Evangelio del día

Evangelio del jueves 13 de junio de 2024
Padre Pedro Brassesco

Reflexión del Evangelio de hoy

De la oración y de la lluvia

El profeta Elías desespera por la lluvia, tan necesaria para la supervivencia del planeta entonces como ahora. Igual que la oración, tan necesaria para el ser humano entonces como ahora. En este sentido nuestras necesidades poco han cambiado. Este pasaje nos habla de la necesidad de la oración y de la necesidad de lluvia, o más bien, de la necesidad de implicarnos en el cuidado de la creación.

En la sociedad actual, donde a menudo nos encontramos inmersos en un ritmo acelerado de vida, la práctica de la oración adquiere una relevancia aún mayor. Así lo vemos ante la cada vez más creciente demanda de meditación en forma de podcast, de formaciones orientadas al silencio, o de mindfulness. Nada nuevo bajo el sol porque el ser humano necesita de Dios.

La lectura del primer libro de los Reyes nos anima, como hizo Elías, a acudir a Dios Padre cuando estamos desesperanzados, agobiados o superados por las circunstancias que no podemos manejar. Elías acude a la oración como refugio en medio de la desesperanza, y en ella encuentra la paz, encuentra a Dios, y tras su perseverancia, llega la alegría en forma de lluvia.

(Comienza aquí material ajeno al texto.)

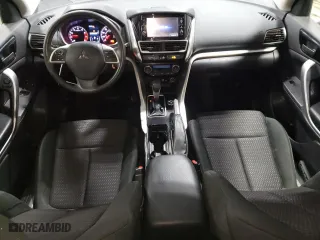 2018 Mitsubishi Eclipse Cross ES with VIN JA4AT3AA6JZ067259, listed as a Copart auction lot 89181125 with 295,858 mi miles and Clean Title. Bid and sale history available at carsss.com. Image 8.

También la lectura del Primer Libro de los Reyes nos habla del cuidado de la creación. En el contexto actual de cambio climático y degradación ambiental, la importancia de la lluvia como un recurso precioso se hace aún más evidente. El calentamiento global y otros factores pueden afectar los patrones de lluvia, provocando sequías prolongadas en algunas regiones e inundaciones devastadoras en otras.

La lectura de hoy nos llama a hacernos responsables de la creación de Dios, cuidando y preservando el medio ambiente para las generaciones futuras. Así, la necesidad de lluvia no solo nos llama a la acción en el presente, sino que también nos recuerda nuestra responsabilidad de proteger y preservar el don de la vida en todas sus formas. Orar nos acerca a Dios, y cuidar el planeta para que llueva cuando sea necesario, también.

De las dificultades del amor

El seguir a Jesús no es fácil, cumplir sus enseñanzas, es muy exigente. No basta con amar a tus seres queridos y amigos, hay que “amar” también a tus enemigos, hay que ser misericordioso con ellos y perdonar toda ofensa que recibamos por su parte. Y eso, sí que cuesta. Eso no es nada fácil. Lo más sencillo es insultar y regañar a aquel que nos importuna o molesta, con palabras o con acciones.

Precisamente, vivimos en una época en la que estamos muy acostumbrados a usar ciertos “calificativos” y tenemos un vocabulario muy creativo, para insultar a los demás, o bien inventar bulos o noticias falsas, para perjudicarlos. Pues ofender de esta manera, también es pecado; es como dar una bofetada en el alma al hermano, a la dignidad propia del hermano.

Señor, tú me invitas a vivir un amor semejante al tuyo, tú practicas la misericordia, la reconciliación, el perdón y el amor, incluso a los enemigos. Entiendo Señor, que la razón la tiene siempre el que más ama, a ti y a los hermanos, a todos los hermanos.

¿De qué manera la lectura del primer libro de los Reyes y la historia de Elías te inspiran a perseverar en la oración y confiar en la fidelidad de Dios para responder a tus necesidades y preocupaciones?

¿Cómo puedes cultivar una conexión más profunda con la creación de Dios a través de la oración y la contemplación de su belleza y complejidad?

¿Oro por aquellos a quienes no quiero?